In relation to outcomes, some studies used measures designed specifically for the study where the psychometric properties (reliability and validity) had not been established. Reporting of outcomes often involved retrospective ratings which are susceptible to recall bias. There was a lack of consideration of other factors that may moderate and/or mediate outcomes such as psychiatric comorbidity which research has found to be associated with psychosexual functioning,63 and may be common for both individuals with ASD and ADHD.

Conclusion

This review has highlighted that young people and adults with ADHD and/or ASD perceive themselves to be “different” in their sexual orientation, psychosexual behaviors and experience compared to neurotypical peers. They both report a lack of satisfaction in their sexual relationships, sexual dysfunction, risky sexual behaviors, and victimization. The evidence is sparse across topics, and researchers appear to be prioritizing different themes. For example, sexual perpetration has been investigated in ASD and not in ADHD; pregnancy has been investigated in ADHD but not in ASD. The different interests in research themes may reflect hypothesis-driven research questions associated with underlying symptoms (eg vulnerability and misunderstanding of social cues in people with ASD influencing sexual perpetration; impulsive behavior influencing unprotected sex). If we are to identify common themes across neurodiverse conditions, future research should be more inclusive with respect to the investigation of topics as this may prevent biases towards neurodiversity.

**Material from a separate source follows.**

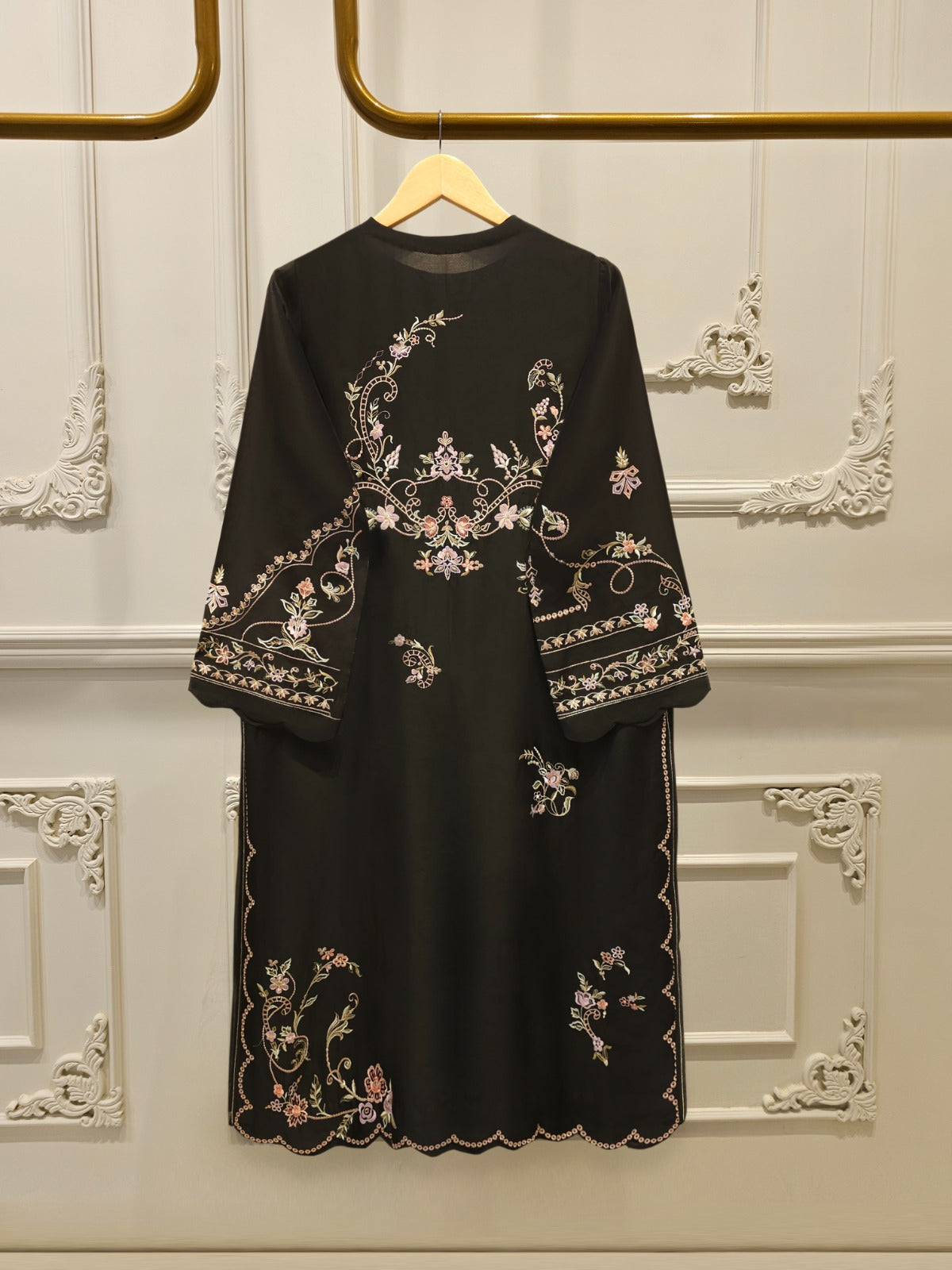 3 Piece- Pure  Sheesha Silk Embroidered Suit S115087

Where sex differences were investigated, female functioning featured strongly. ASD females appear to be more ambivalent in their sexual identity and practices. A higher rate of sexual victimization was reported in both ADHD and ASD studies, but more so for the latter. Strikingly, compared with neurotypical females, over half of females with ASD were over twice more likely to report negative sexual experiences characterized by coercion and unwanted sexual contact. It seems that they may give consent to these sexual advances. Males with ASD are also more likely than neurotypical males to be sexually assaulted.

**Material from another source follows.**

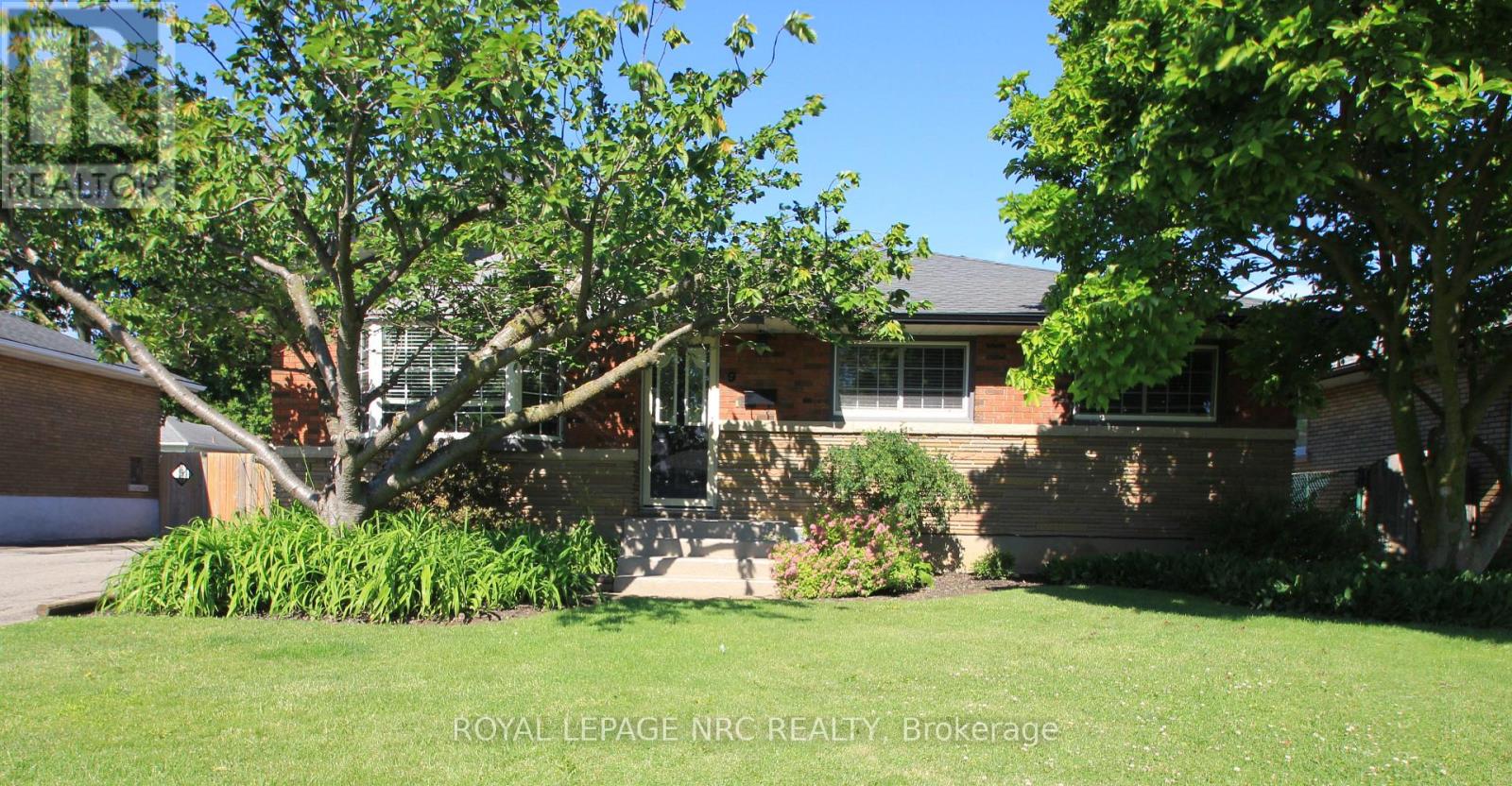 9 GREENHILL DRIVE, Thorold, Ontario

Research shows a 21% overlap between ASD and ADHD.64 This represents a “double deficit” for problems associated with psychosexual functioning and the challenges to address them. Given the overlap, clinicians should consider general neurodevelopmental symptoms as a potential indicator of risk for poor psychosexual outcomes and should more routinely enquire about sexual selfhood and practices and identify potential risky behaviors that may lead to negative outcomes.

The findings indicate that further research is needed on the psychosexuality of individuals (both male and female) with ASD and ADHD across every domain presented in this review. Particular gaps in our knowledge relate to RSBs (in particular those relating to sexual health) and vulnerability to sexual victimization and perpetration. Many of the published studies are limited by methodological problems, nevertheless they consistently indicated greater risk for females. Further research applying qualitative and/or longitudinal designs is needed to gain an in-depth understanding of individual and contextual factors that may make people with neurodiversity vulnerable to poor psychosexual outcomes and identify interventions that may mediate outcomes.

Disclosure

Professor Susan Young reports personal fees from Medice, personal fees from Takeda, personal fees from Janssen, personal fees from Psychology Innovations Limited, personal fees from Cognitive Centre of Canada, during the conduct of the study; personal fees from Medice, personal fees from Takeda, personal fees from Janssen, personal fees from Psychology Innovations Limited, personal fees from Cognitive Centre of Canada, outside the submitted work; and is the author of the Diagnostic Autism Spectrum Interview, the ADHD Child Evaluation and ACE+ for assessing ADHD in young people and adults. KC reports no conflicts of interest.